Directions:
Your task is to transcribe the lines from the start of the data below through the line containing "655 White Oak Cir Photo 1", inclusive, exactly as they stand and without the pictures.

Records for processing:
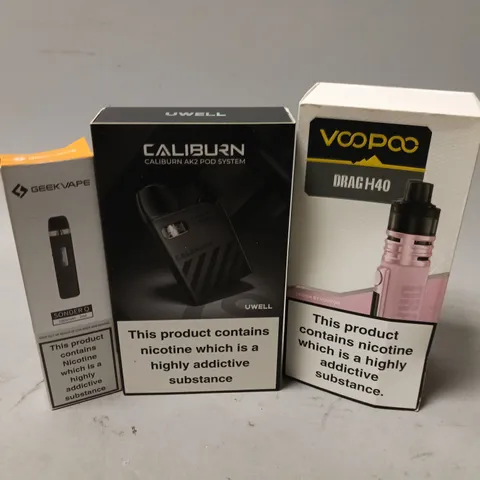 APPROXIMATELY 20 VAPES, E-CIGARETTES & ACCESSORIES TO INCLUDE VOOPOO DRAG H40, UWELL CALIBRUN AK2, GEEKVAPE SONDER Q, ETC
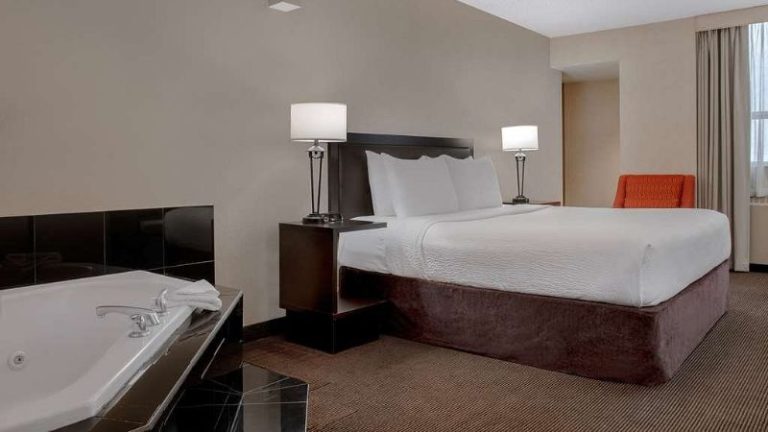 Ramada Plaza by Wyndham Calgary Downtown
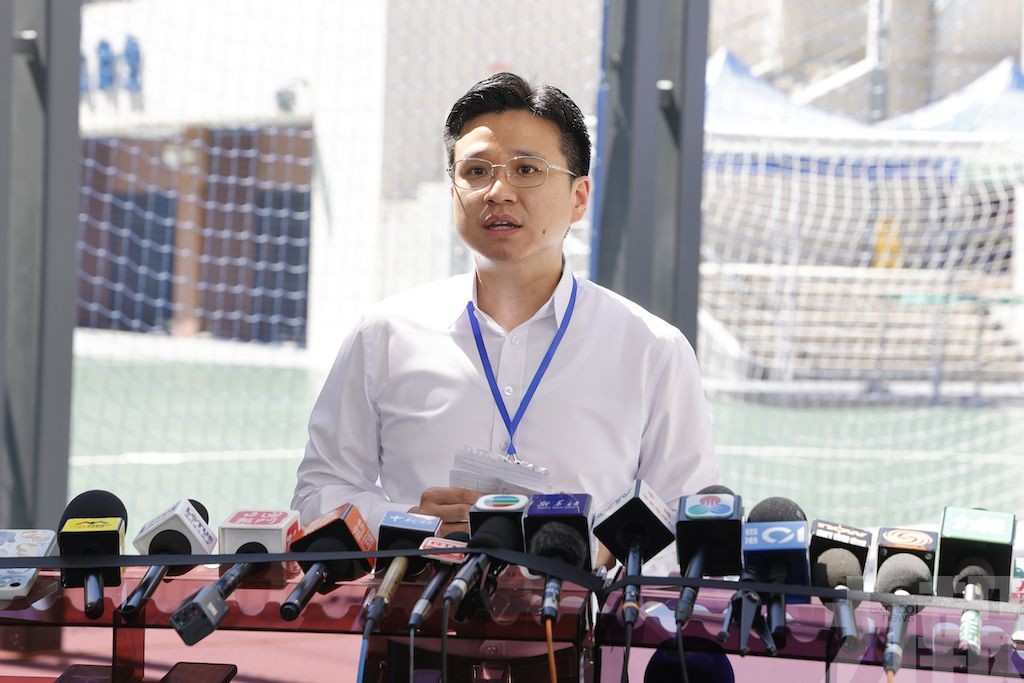 提醒在票站內勿使用手提電話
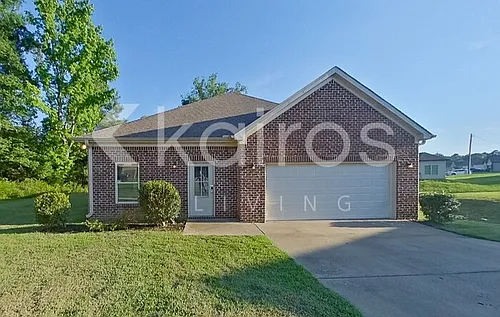 655 White Oak Cir Photo 1
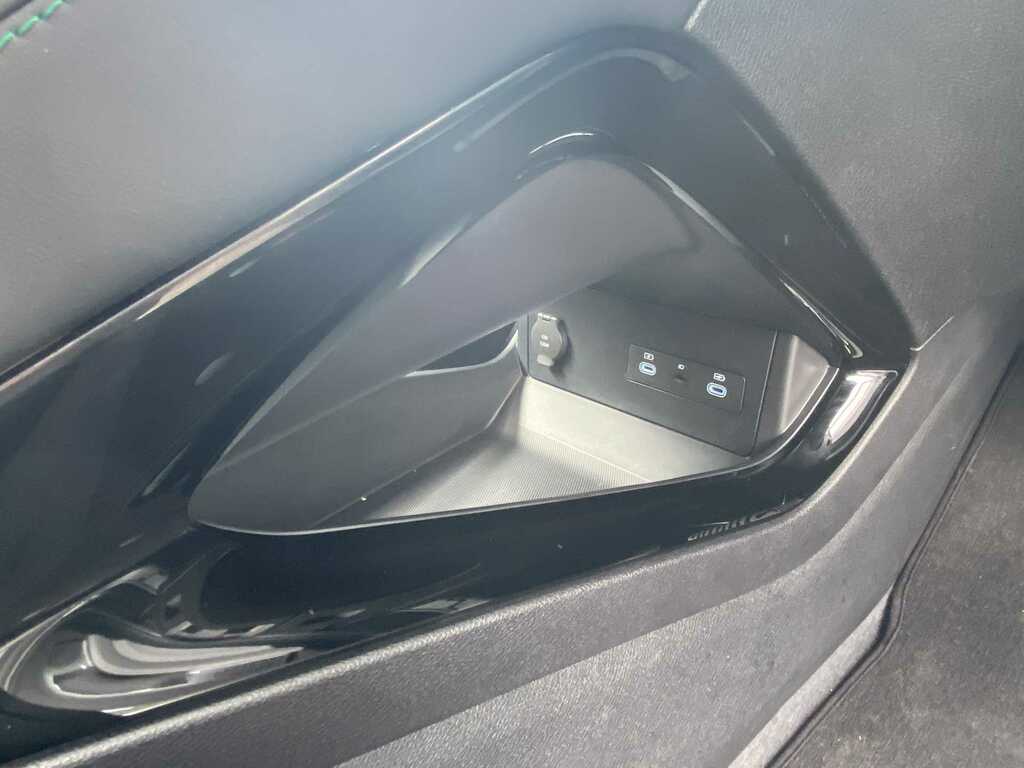 Byd Seal U 1.5 Dm-i 26.6Kwh Comfort Cvt Euro 6 Ss Black #16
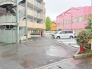 周辺の建物や街並みと調和した、落ち着きのある開放的な敷地空間が広がります。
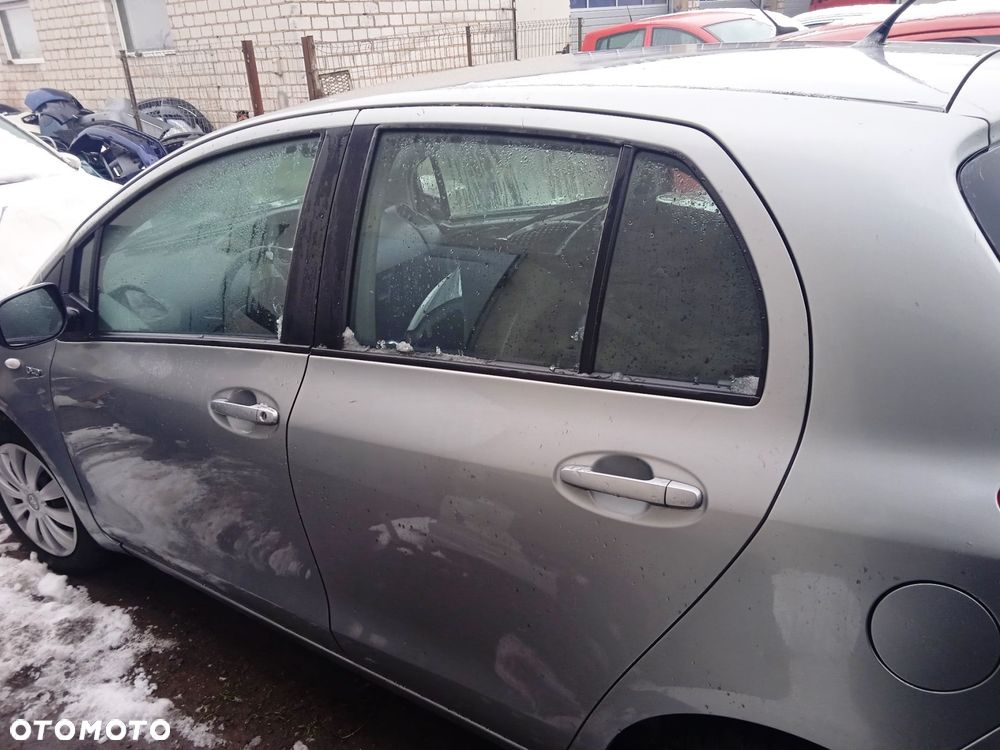 Na części Toyota Yaris II 5D kolor 1F8 silnik skrzynia maska klapa błotnik drzwi zderzak szyba - 3
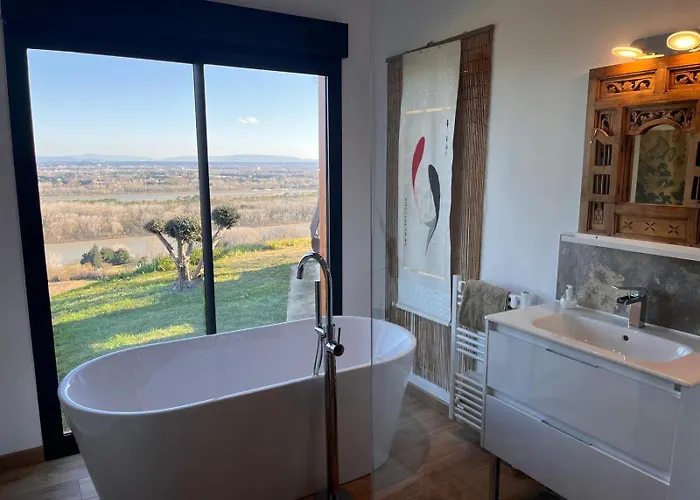 Villa Au Calme Avec Vue Magnifique -entierement Climatisee - Piscine Villeneuve-lès-Avignon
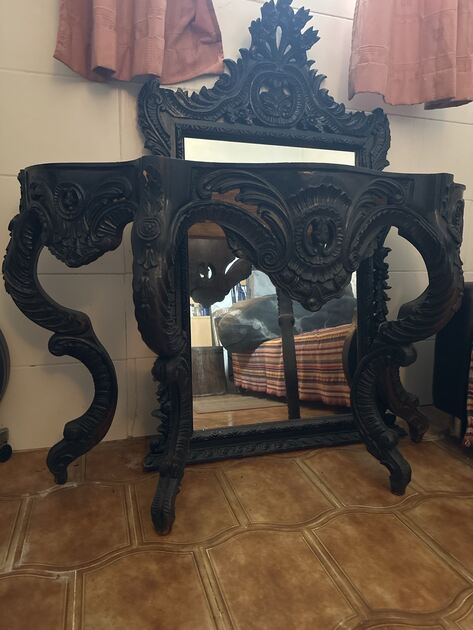 credencia com espelho. Mobiliário antigo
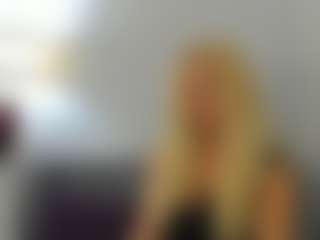 Live cam show with ClareHotMature - Blue Eyes on Dare Cams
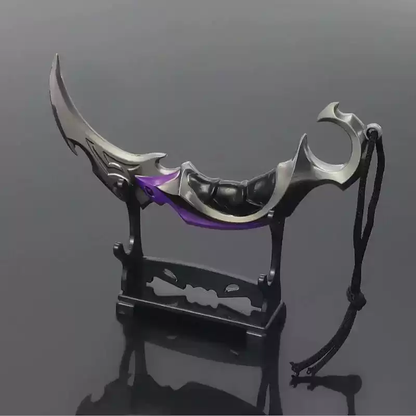 Shadora Yağmacı Karambit Bıçağı from Valorant game, featuring a curved tactical knife with detailed design.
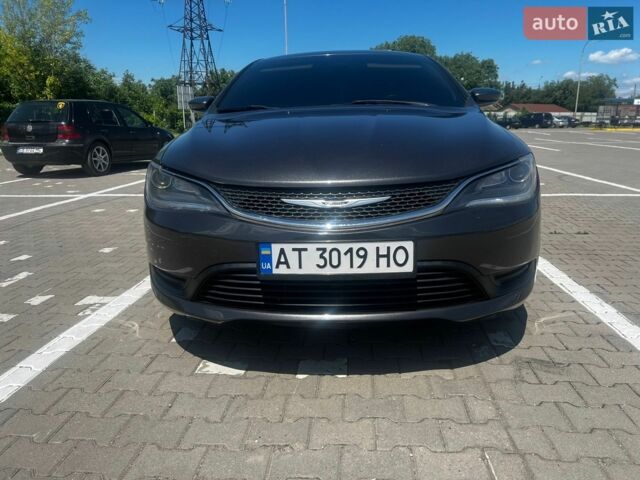 Серый Крайслер 200, объемом двигателя 2.4 л и пробегом 205 тыс. км за 10300 $, фото 5 на Automoto.ua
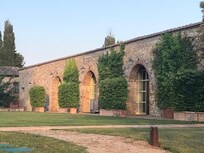 Très beaux bâtiments rénovés avec art.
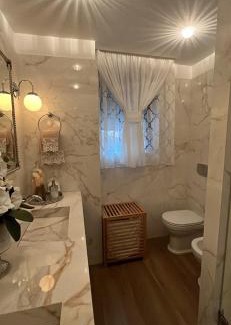 Naples City Centre Apartment | essential big house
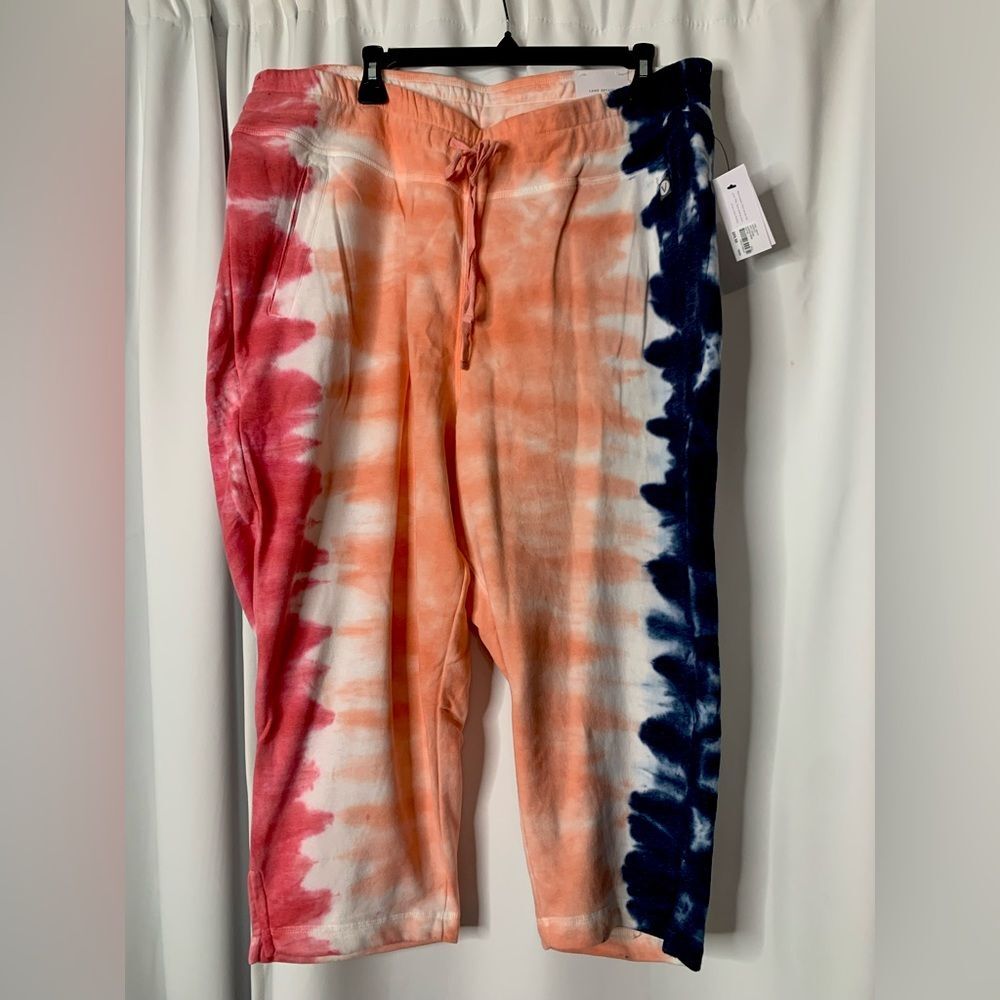 Livi by Lane Bryant NWT Plus Size Tie Dye Capri Cropped Sweat Pants Size 18/20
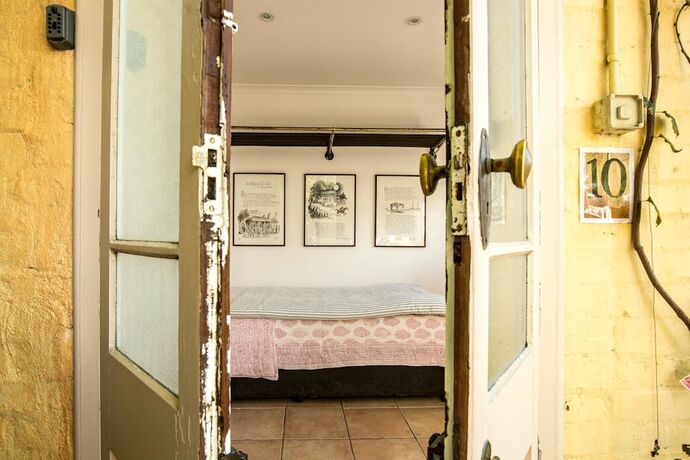 Imagen de la habitación del Hotel Bondi Beach House. Foto 26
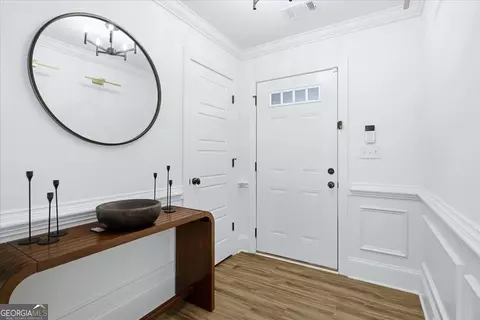 Entry Way - 1341 Mooty Bridge Rd, Lagrange, GA 30240 photo 2 of 3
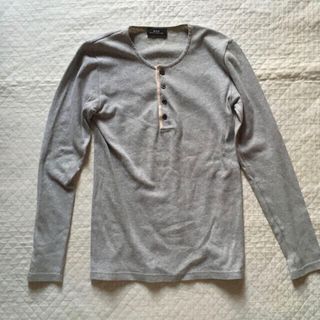 アーペーセー(A.P.C)のA.P.C. ヘンリーネック トップス カットソー ロンT グレー(カットソー(長袖/七分))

Response to the task:
 APPROXIMATELY 20 VAPES, E-CIGARETTES & ACCESSORIES TO INCLUDE VOOPOO DRAG H40, UWELL CALIBRUN AK2, GEEKVAPE SONDER Q, ETC
 Ramada Plaza by Wyndham Calgary Downtown
 提醒在票站內勿使用手提電話
 655 White Oak Cir Photo 1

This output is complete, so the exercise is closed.